OIVE lanza la campaña 'DI VINO' para conectar el vino español con los consumidores más jóvenes
La Organización Interprofesional del Vino de España presenta una campaña de comunicación orientada a revertir la caída del consumo interno, que ha bajado un 4,3% en el último año hasta los 9,32 millones de hectolitros, poniendo el foco en la Generación Z
El vino español busca relevancia entre los jóvenes
La Organización Interprofesional del Vino de España (OIVE) ha presentado oficialmente su nueva campaña de comunicación, bautizada como «DI VINO», cuyo objetivo central es conectar con el consumidor joven y recuperar terreno en un segmento de edad —la Generación Z y los millennials de entre 20 y 35 años— que está mostrando menor vinculación con el vino que las generaciones anteriores. La campaña llega en un momento de especial necesidad para el sector: el consumo aparente de vino en España cayó un 4,3% en el último año, situándose en 9,32 millones de hectolitros al cierre de marzo de 2026, según datos de La Semana Vitivinícola.

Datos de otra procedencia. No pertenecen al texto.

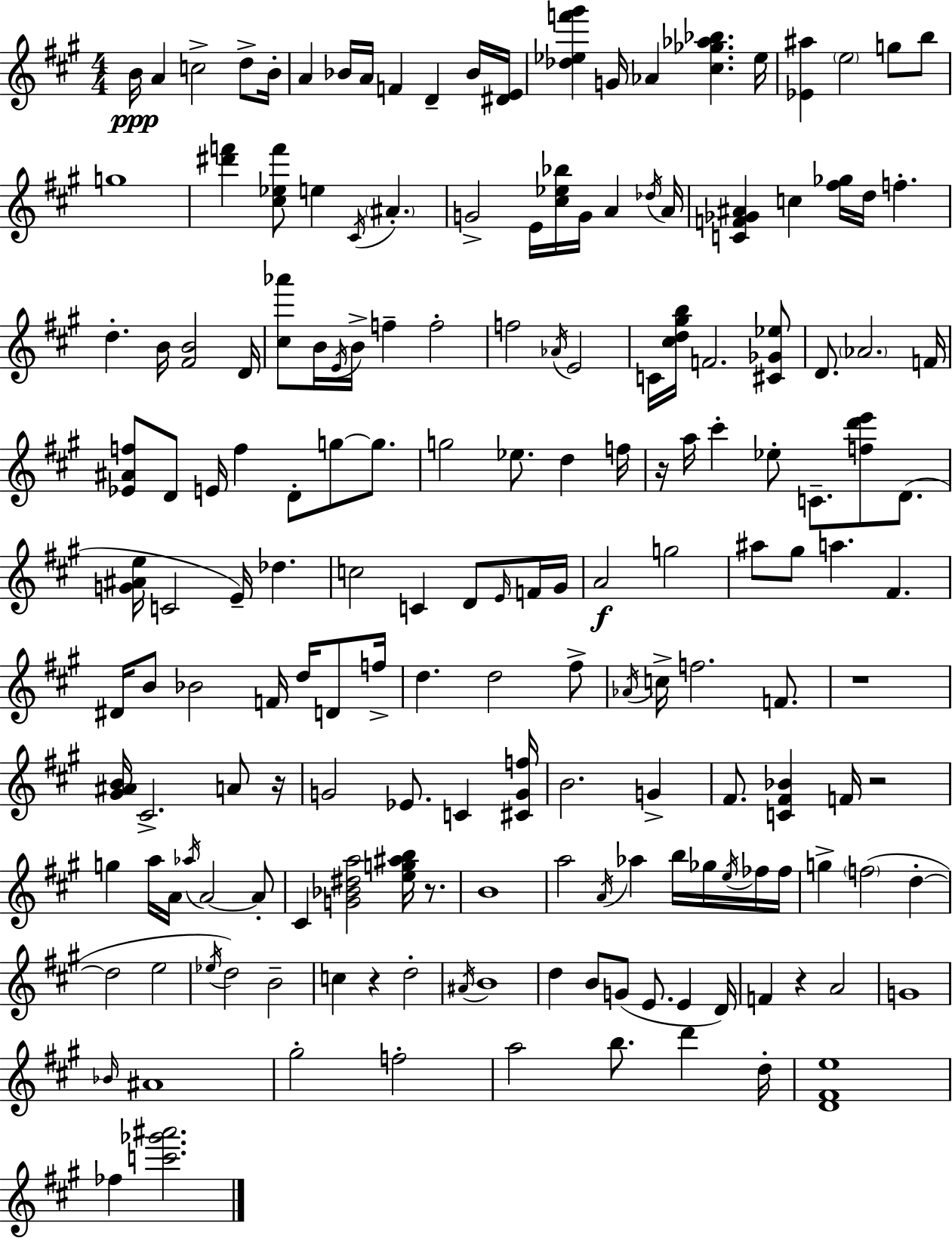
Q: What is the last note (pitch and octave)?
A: FES5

La lona de 20 metros que OIVE desplegó frente al Congreso de los Diputados en la Carrera de San Jerónimo de Madrid fue la imagen más visual del lanzamiento: un gesto deliberadamente urbano y generador de conversación en redes sociales, orientado precisamente a la audiencia más joven que la campaña intenta alcanzar.
El desafío: el vino frente a la cerveza y los destilados entre los jóvenes
La caída del consumo interno de vino en España no es un fenómeno nuevo ni exclusivamente español: se produce en un contexto europeo donde los vinos pierden cuota frente a la cerveza artesana, los cócteles, los destilados premium y las bebidas sin alcohol entre los consumidores menores de 35 años. Las razones son múltiples: la percepción de que el vino es una bebida compleja y con cierto elitismo cultural, la competencia de otros productos con narrativas más accesibles y aspiracionales para el público joven, y el impacto de los movimientos de consumo moderado y wellness que han reducido la tolerancia al alcohol entre parte de este segmento.
La campaña DI VINO apuesta por una narrativa que desafía esas percepciones: el vino como parte de la cultura española contemporánea, accesible, plural y celebrado en contextos modernos y urbanos, sin renunciar a su raíz territorial y artesanal. La reunión de Montepulciano, donde OIVE y las interprofesionales europeas del vino se reunieron los días 10 y 11 de junio, reforzó esta agenda con un mensaje compartido: el vino europeo necesita renovar su narrativa ante las nuevas generaciones sin abandonar lo que lo hace único.
El sector busca el equilibrio entre tradición y modernidad
El debate sobre cómo el vino puede ser relevante para los consumidores de 25 años sin perder su esencia cultural es el más importante que tiene el sector sobre la mesa en 2026. Algunas bodegas apuestan por rediseños de etiquetas más modernos y directos; otras por formatos alternativos como el bag-in-box de calidad, los vinos en lata o los canned wines para consumo en exteriores; otras por la bajada de graduación —como hace Habla del Mar con su nueva añada— para conectar con tendencias de consumo moderado. DI VINO propone que todas esas estrategias deben acompañarse de una campaña que sitúe al vino como bebida de referencia cultural en España, del mismo modo en que la cerveza ha sabido reinventarse para el consumidor joven sin perder su identidad.